The Chinese government is trying to deflect widespread criticism over its construction of the world's largest hydro-electric dam, which will cost about $25 billion by the time it is finished in 2009.
Guo Shuyan, head of the Three Gorges Dam committee, told a news conference in Beijing Tuesday that construction of the dam on the Yangzi River is progressing according to schedule. Mr. Guo says the government has relocated 646,000 people living along the Yangzi River in southwest China to make way for the dam. More than one million people will be resettled by 2009.
Mr. Guo said the success of China's giant dam demonstrates the superiority of its socialist system. He says most of the farmers are happy to relocate because they are given new homes and higher living standards.
But Mr.

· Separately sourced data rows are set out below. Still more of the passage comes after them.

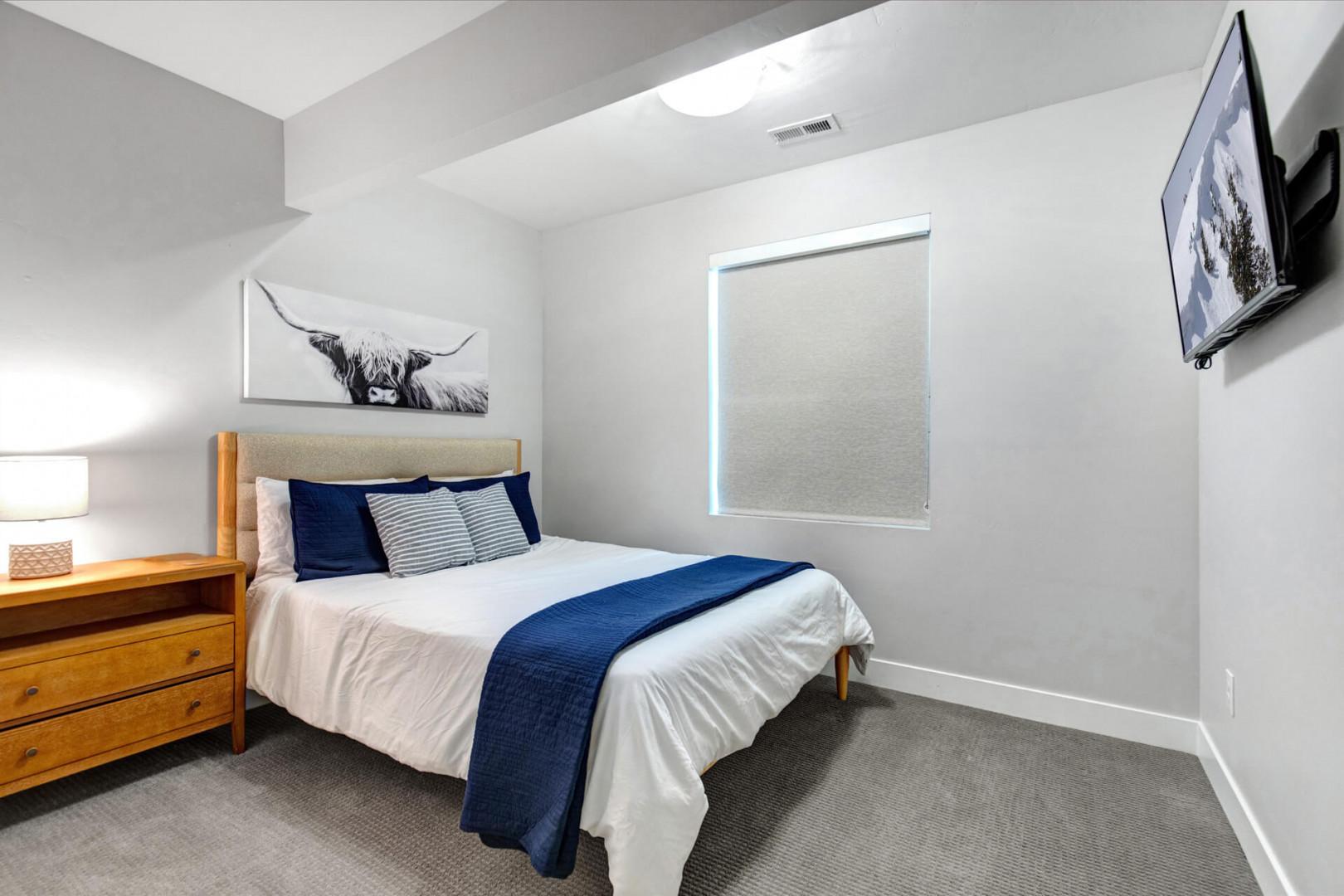Settle into your serene bedroom, where crisp linens and contemporary décor invite restful nights after exploring the area.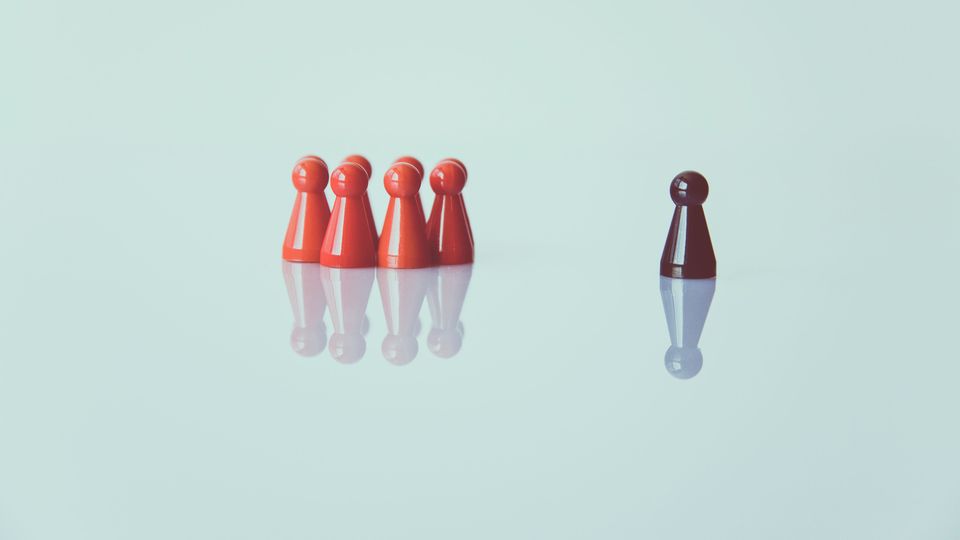 Red playing pieces cluster away from an isolated black piece.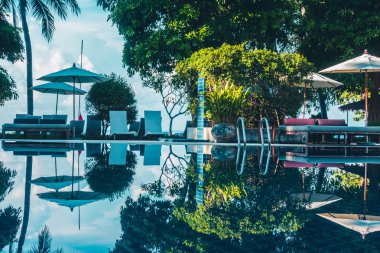 Güzel lüks otel ve tatil seyahat ve tatil için sandalye ve şemsiye ile açık yüzme havuzu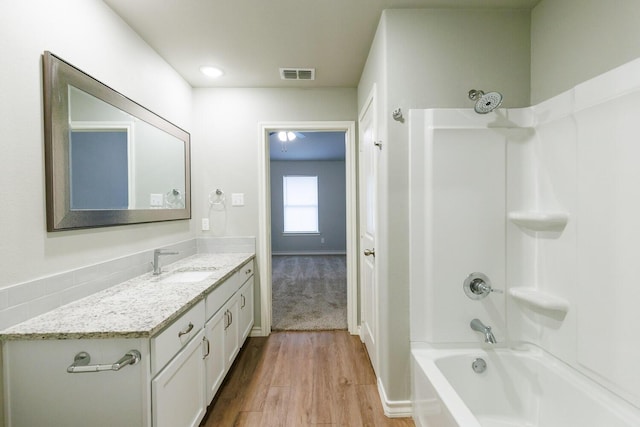 full bath with shower / tub combination, visible vents, wood finished floors, and vanity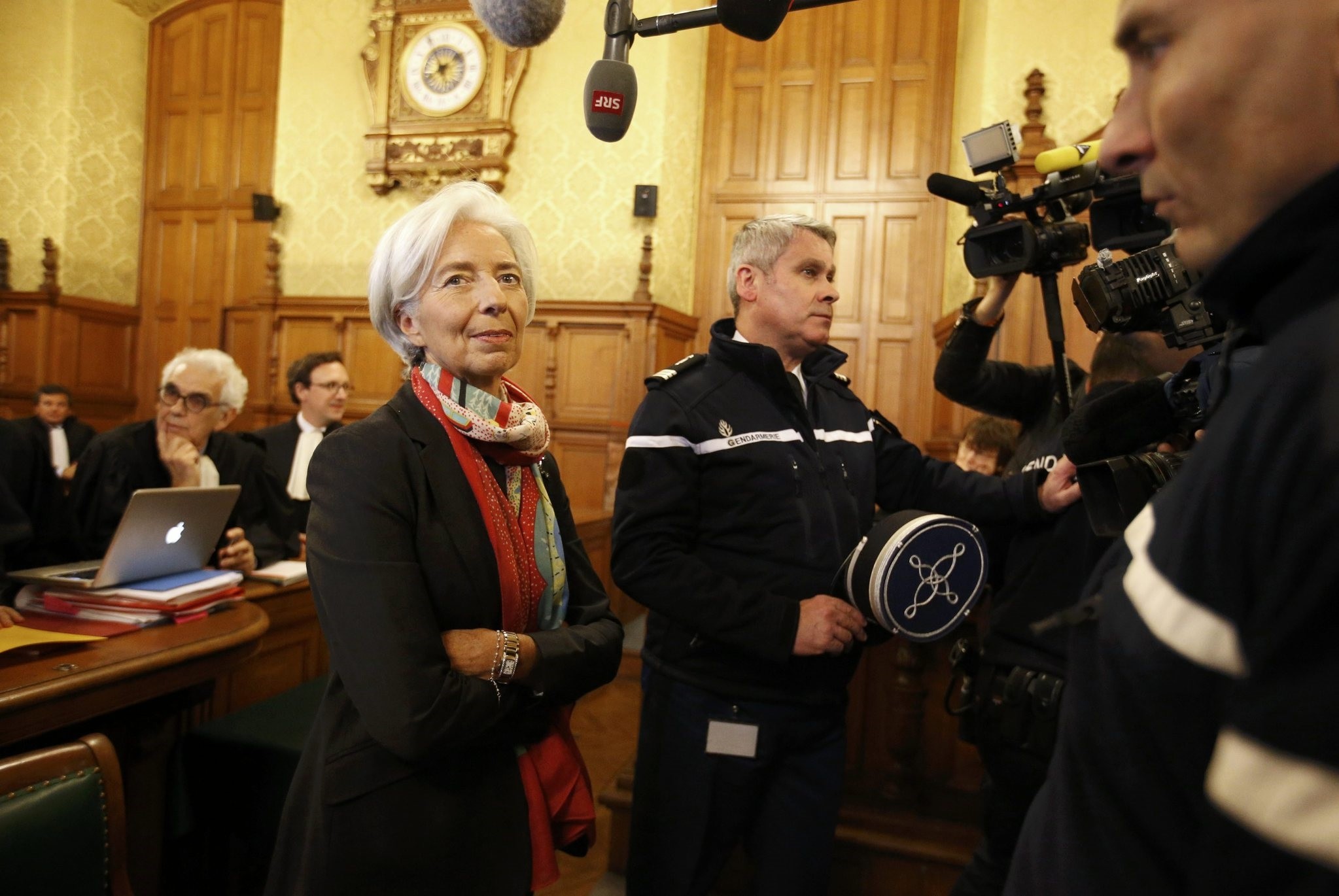 Lagarde (L) reacts before the start of her trial about a state payout in 2008 to a French businessman, at the courts in Paris. (REUTERS PHOTO)
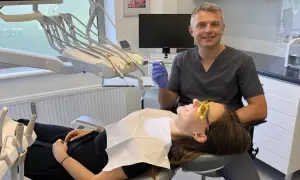 Dentysta w rękawiczce trzyma wiertło, pacjentka w okularach ochronnych leży na fotelu.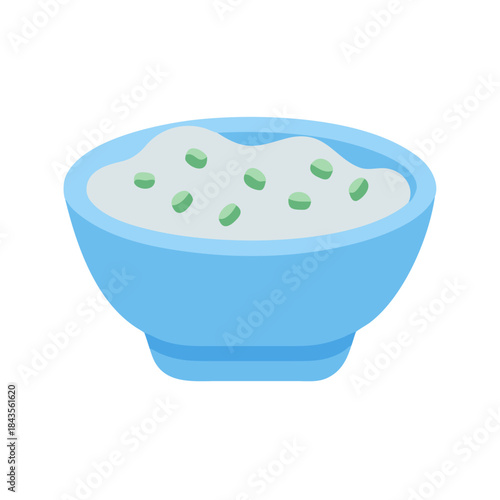 Cereal bowl with green pieces in light blue bowl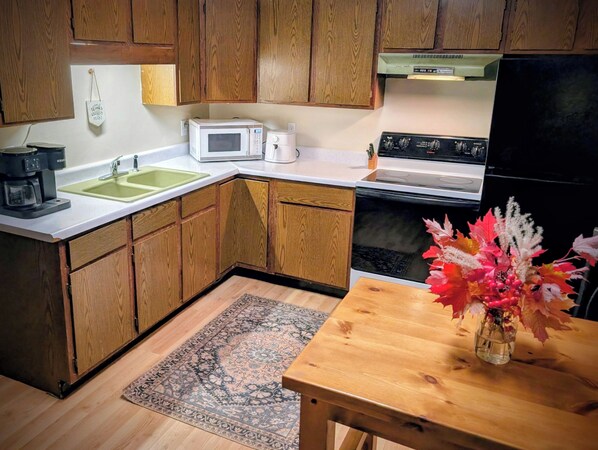 Una cocina con armarios de madera, microondas, cafetera, estufa y una mesa con un florero.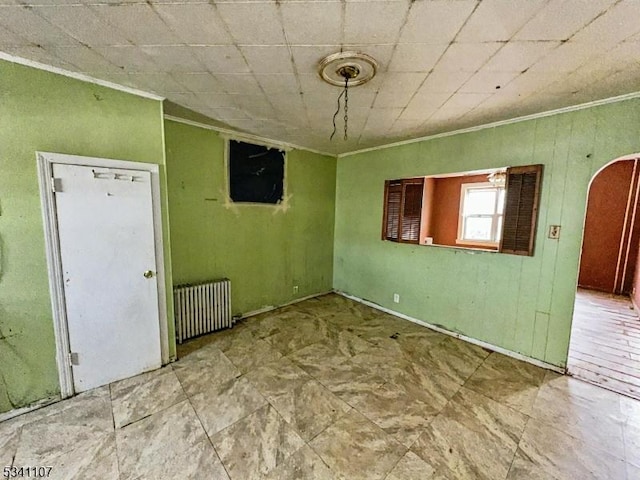 unfurnished room featuring ornamental molding, arched walkways, and radiator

Guo admits that some villagers have not received money earmarked for their resettlement, because funds have been siphoned off by corrupt officials. He says that since construction of the dam began in 1993, 267 people have been charged with embezzling relocation funds, and some have been imprisoned.
Mr. Guo argues that money illegally skimmed from the budget amounts to just a tiny fraction of Beijing's investment in the dam. The government has previously said that officials embezzled $57 million from Three Gorges resettlement funds.
Another official in charge of overseeing construction, Shou Jiahua, dismissed concerns that the dam will cause more environmental problems than it addresses.
Ms. Shou admits that once the 185 meter deep dam is completed, there will be more earthquakes and landslides in the area because of instability caused by the dam's high water level. The completed dam will form a 600 kilometer-long reservoir by submerging more than 100 towns along the Yangzi River. But she insists the government has a program to control any increased danger to human lives and property.
China decided to build the Three Gorges Dam to control devastating flooding each year and to generate electricity.
Residents living in areas to be flooded complain widely of being forced out of their homes without compensation. Villagers who protest against the dam are routinely harassed or detained by police.